Comment by Gregg R Thomas on July 18, 2014 at 9:49pm

The truth:

OK, maybe not the truth...but funny as a fart in a spacesuit. LOL

Comment by Davis Goodman on July 19, 2014 at 8:00pm

A fart in a spacesuit is a very particular kind of truth

Comment by Unseen on July 19, 2014 at 8:13pm

Indeed, an apt metaphor for life itself.

Comment by Tom Sarbeck on July 19, 2014 at 11:55pm

An apt metaphor for whose life?

Of course, for the lives of those who most vigorously deny its application to them.

Comment by Unseen on July 20, 2014 at 1:08am

It's just a humorous corollary to "Life is a shit sandwich and every day you have to take another bite," which is itself humor.

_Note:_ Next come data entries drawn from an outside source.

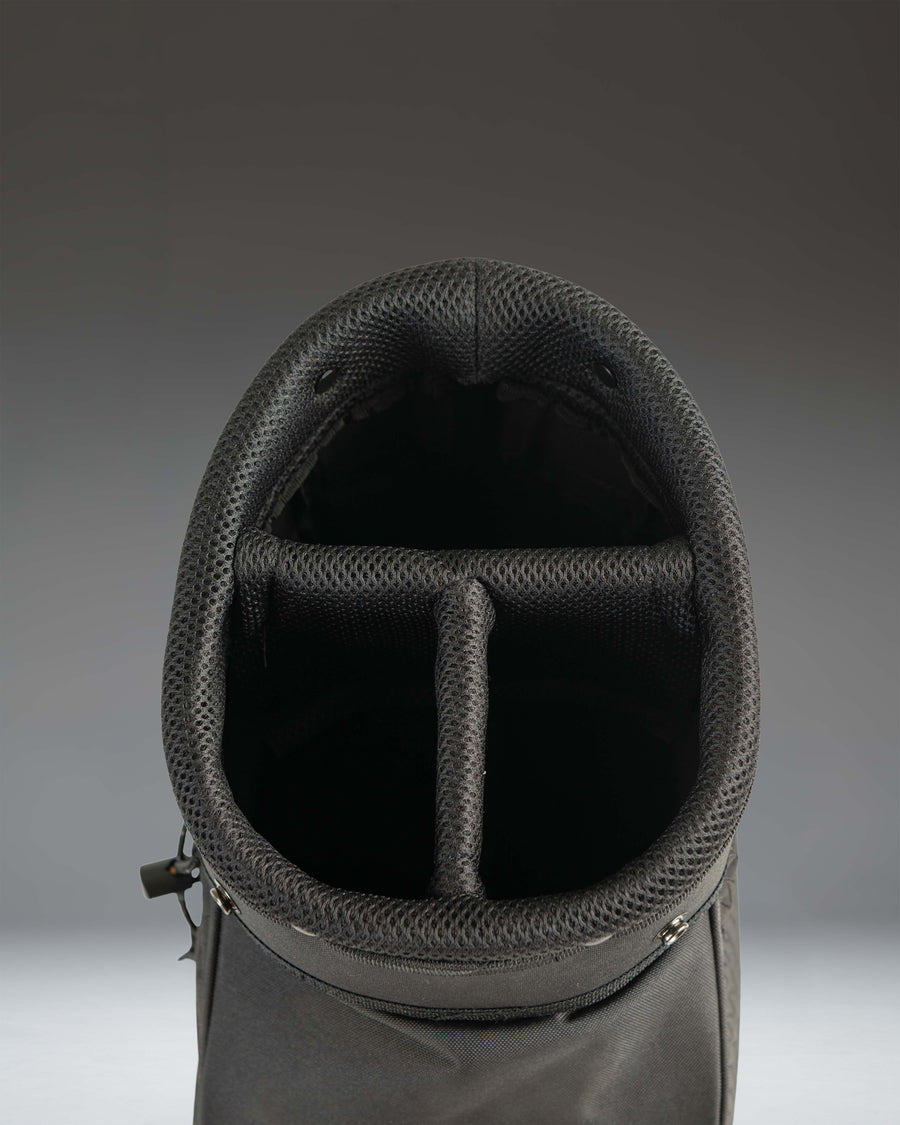 Black Herschel Watt Sunday Bag golf bag showing details of its lightweight design, carrying strap, and storage pockets.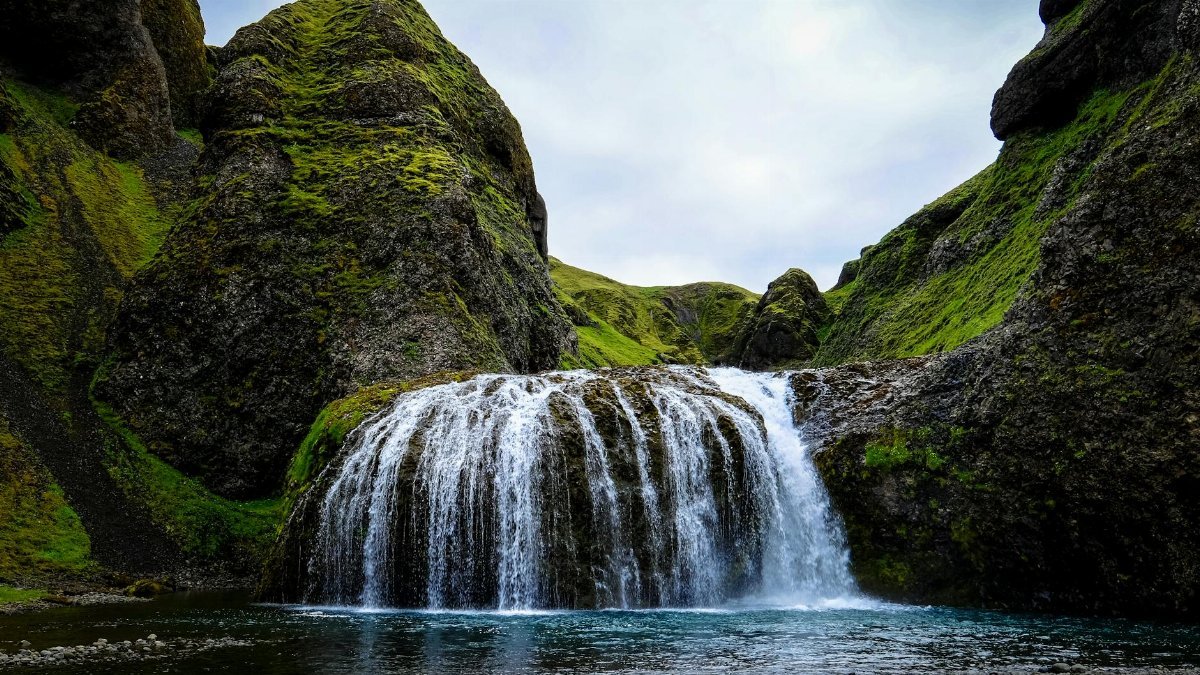 A beautiful waterfall cascading over moss-covered rocks in a mountain landscape, showcasing nature's serene beauty.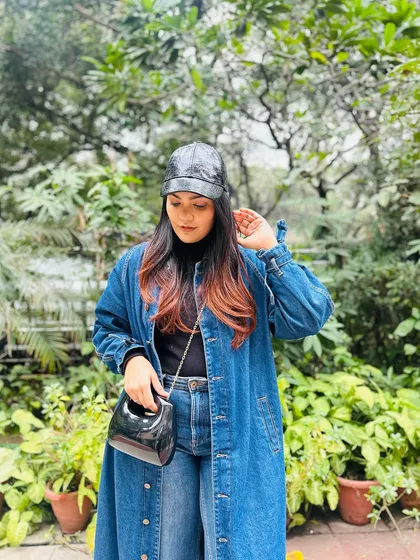 This small, black structured handbag is all about minimalist chic. Its glossy finish and clean lines make it a modern accessory that pairs perfectly with an edgy, double-denim look.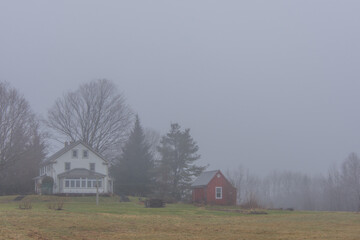 Landscape with farm of the Canadian countryside in Quebec on a foggy day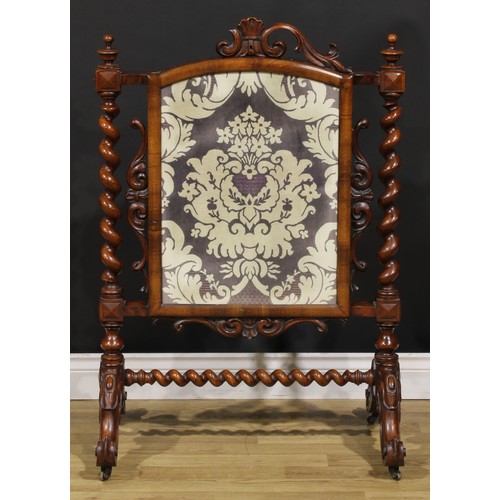 1476 - A Victorian mahogany fire screen, arched rectangular banner, spirally turned supports, cabriole legs... 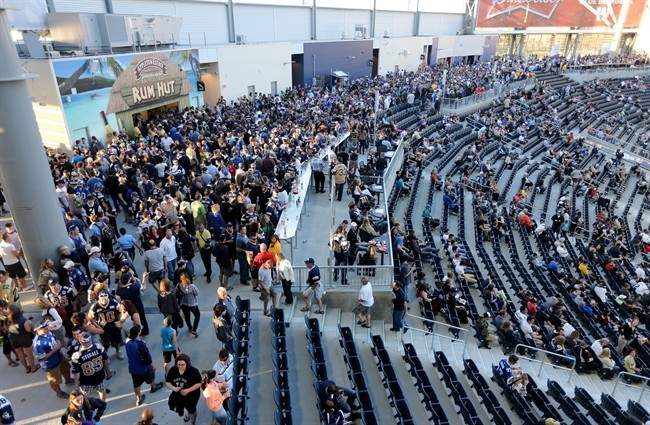 Fans walk in the concourse during the second half of the first game at Investors Group Field.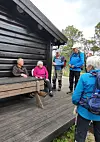 Personer i turklær sitter og står ved en trehytte på en platting i skogsterreng.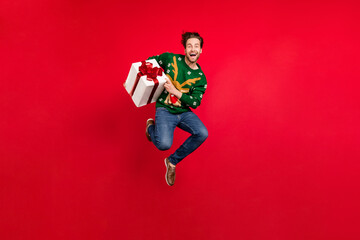 Poster - Full size photo of good mood positive guy jumping hold new year present wear ugly sweater isolated on red color background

Comment by Ed on July 20, 2014 at 9:01pm


I misunderstood your position. It is true that all thought in the human mind is, at it's elementary level, an electrochemical process. That process involves acquiring data, processing it, and making a decision. I simply equate free will with choice. You do not. To me the physicality of thought is not relevant to free will or choice. Why should it be?

Comment by Unseen on July 20, 2014 at 9:22pm

@Ed - I simply equate free will with choice. You do not. To me the physicality of thought is not relevant to free will or choice. 

It is if you want to introduce concepts like intention and morality. Otherwise, I suppose you can regard it as irrelevant.

Comment by Davis Goodman on July 21, 2014 at 12:25am

You suppose it is irrelevant or you are certain it is irrelevant?